Sul piano filosofico questo "sbilanciamento" sul moderno significò - nota opportunamente Bevilacqua - portare alle estreme conseguenze il pericoloso idealismo, ormai decisamente nichilistico, già contenuto nel saggio sulla poesia ingenua e sentimentale di Schiller, il quale ben comprese sin dall'inizio che la nuova generazione lo avrebbe travolto, e con lui tutto il classicismo di Weimar. Nell'idealismo dei romantici - e qui forse si sarebbe potuto spendere qualche parola in più a proposito dei rapporti tra gli Schlegel, Fichte e Schelling - l'assoluto diviene la categoria fondamentale, finendo non solo per svuotare di senso ogni realtà, ma condannandosi a una ricerca spasmodica e per certi versi inconcludente dell'assoluto che, secondo Bevilacqua, è caratteristica del romanticismo.
Sul piano delle forme letterarie questa tensione verso l'assoluto significò - nella mirabile sintesi di Bevilacqua - la scoperta del "frammento", come forma specifica del pensiero moderno, la crisi di ogni visione normativa dei generi letterari e la loro conseguente mescolanza (soprattutto nel romanzo), la scoperta di un'arte, la musica, l'unica in grado di creare una "cornice" all'infinito, lo sviluppo dell'"autobiografia", prodotto squisito dell'ipertrofia dell'Io tipica dei romantici e, infine, la proposta che tutte le altre racchiude: l'invenzione di un nuovo centro letterario-filosofico-politico, la nuova mitologia.
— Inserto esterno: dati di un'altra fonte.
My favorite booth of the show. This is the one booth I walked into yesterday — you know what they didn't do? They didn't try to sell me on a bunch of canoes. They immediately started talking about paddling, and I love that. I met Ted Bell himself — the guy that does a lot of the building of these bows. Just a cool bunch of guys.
Per chi conosce i recenti studi sul romanticismo non sarà difficile individuare in queste pagine il distillato di posizioni validamente sostenute in Italia e all'estero, che però sono diluite in un personalissimo ductus retorico che dà grande unità all'affresco di Bevilacqua, sia nelle sue "caratteristiche" più riuscite, ad esempio quando parla di Tieck, di cui individua tutto il nichilismo, o di Hoffmann, sul quale ci regala uno schizzo densissimo, sia quando accoglie posizioni un po' di maniera, come nella descrizione della svolta reazionaria, cioè cattolica e legittimista di Friedrich Schlegel (e degli altri), un fenomeno complesso che forse andava sviluppato più da vicino. Ma se è facile muovere qua e là critiche puntuali, individuare debolezze, difficile è mantenere, come fa Bevilacqua, un quadro coerente di questo sviluppo magmatico della Romantik.
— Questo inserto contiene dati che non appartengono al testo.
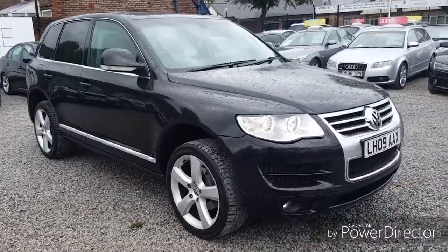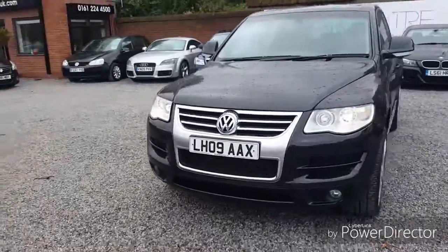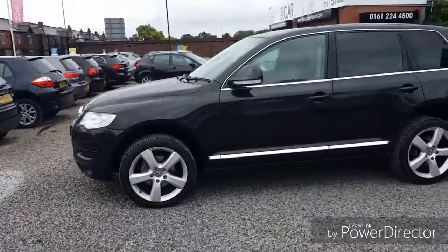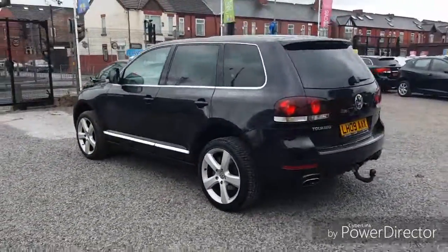The Car Centre makes buying your next used car easy. And with no deposit and 0% finance representative available, you'll find paying for it easy too. There's over 50 cars in stock, including BMW, Audi, Mercedes and many more.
Perché di una cosa l'autore è certo: che è possibile leggere tutti questi variegati fenomeni romantici (da Schlegel a Hoffmann) nell'ambito di un quadro sostanzialmente unitario, legato a una determinata realtà storica (la crisi dell'utopia friedriciana) e irripetibile in quella forma. Ed è senz'altro vero che bisogna far piazza pulita delle innumerevoli e oziose distinzioni tra Vor-, Frü-, Hoch-, e Spät-Romantik per quanto queste "stampelle" siano utili per comunicare in una comunità scientifica. Non si capisce perciò perché anche Bevilacqua alla fine ceda alla tentazione, tipica della critica romantica, di cogliere, nelle "accensioni improvvise" di "desiderio dell'impossibile", come nelle avanguardie novecentesche che "martellano l'assoluto", il bagliore del "solo, autentico Romanticismo tedesco". O forse si capisce: Bevilacqua pensa che siamo ancora tutti dentro quella koin‚ nichilista che i romantici portarono alla luce e spesso misero alla berlina. È un modo per dire che la parabola del Moderno non si è ancora conclusa, e fino a quando non si sarà conclusa la storia del nichilismo, anche romantico, avremo bisogno di questi testi, strazianti e straziati, comici e tragici, ingenui e sentimentali.